The current developments and future prospects of the global oil markets were deliberated on Friday by the oil ministers of the UAE, Saudi Arabia, Kuwait, Bahrain, Oman and Iraq.
This came in a conference call where the Saudi Minister of Energy Prince Abdulaziz Bin Salman Bin Abdulaziz Al Saud, Suhail Bin Mohammed Al Mazrouei, Cabinet Member and the UAE Minister of Energy and Infrastructure, Kuwaiti Oil Minister, Dr Khaled Ali Al-Fadhel, Bahraini Oil Minister Sheikh Mohammed Bin Khalifa Bin Ahmed Al Khalifa, Omani Oil and Gas Minister, Mohammed Bin Hamad Al Rumhi, and Iraqi Minister of Oil, Ihsan Abdul Jabbar Ismail, reviewed the continued recovery in global demand and progress made towards implementing the OPEC+ agreement.

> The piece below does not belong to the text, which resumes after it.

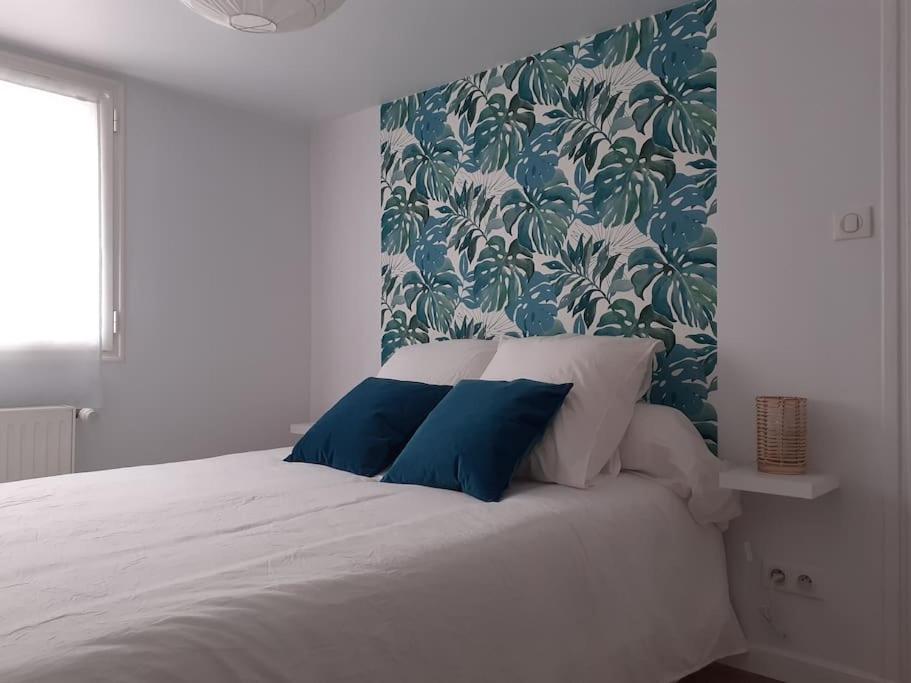 1 dormitorio con cama blanca y almohadas azules en Appartement neuf et cosy, en Cambo-les-Bains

At the end of the phone call, the six ministers issued a joint statement where they said the positive signs of improvement shown recently in the global economy are “very encouraging”.
Hailing the efforts made by all countries of the world to re-open their economies in a safe manner, the six ministers reaffirmed their full commitment to the OPEC+ deal on curbing oil production in order to further speed up the oil market’s rebalancing.
They’ve agreed that the members who made limited progress on compliance during the months of May, June, and July would further deepen their cuts to make up for it.
The six ministers reiterated their thanks to the Iraqi Minister of Oil for his country’s cooperation and efforts in rebalancing the oil market, reaffirming the significant role played by Iraq in ensuring the success of the OPEC+ deal.
“Full compliance to the OPEC + deal, including making up for the limited progress on adherence, would speed up the recovery of the global oil market to the best interest of oil consumers and producers alike, the energy industry and the world economy,” concluded the statement.
Earlier, Saudi Arabia’s energy minister and Iraqi counterpart stressed, in a phone call, their countries’ full commitment to an OPEC+ deal curbing oil production, Iraqi state news agency said on Friday citing a joint statement from both ministries. The two ministers discussed the latest developments in oil markets, continued recovery in global demand and progress made towards implementing the OPEC+ agreement. The organisation of the Petroleum Exporting Countries and allies, known as OPEC+, began a record supply cut in May to bolster oil prices hammered by the coronavirus crisis. OPEC, Russia and other producers, a group known as OPEC+, agreed to cuts of 9.7 million bpd, or 10% of global output, from May 1. In July, they delivered 5.743 million bpd of the pledged reduction, equal to 94% compliance, the Reuters survey found.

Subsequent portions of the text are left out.